Once you reach the line containing "Серебристая анальная пробка" in the entries below, write out that line and each one after it down to the line containing "Noodle Lover Cat", exactly and with nothing added.

Data shown:
*****

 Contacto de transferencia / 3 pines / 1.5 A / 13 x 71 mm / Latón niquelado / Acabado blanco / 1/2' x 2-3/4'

*****

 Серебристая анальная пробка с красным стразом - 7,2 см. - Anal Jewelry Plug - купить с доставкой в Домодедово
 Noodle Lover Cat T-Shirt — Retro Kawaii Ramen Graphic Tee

*****

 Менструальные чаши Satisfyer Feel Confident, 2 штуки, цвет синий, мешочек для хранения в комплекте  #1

*****

Output of the exercise:
 Серебристая анальная пробка с красным стразом - 7,2 см. - Anal Jewelry Plug - купить с доставкой в Домодедово
 Noodle Lover Cat T-Shirt — Retro Kawaii Ramen Graphic Tee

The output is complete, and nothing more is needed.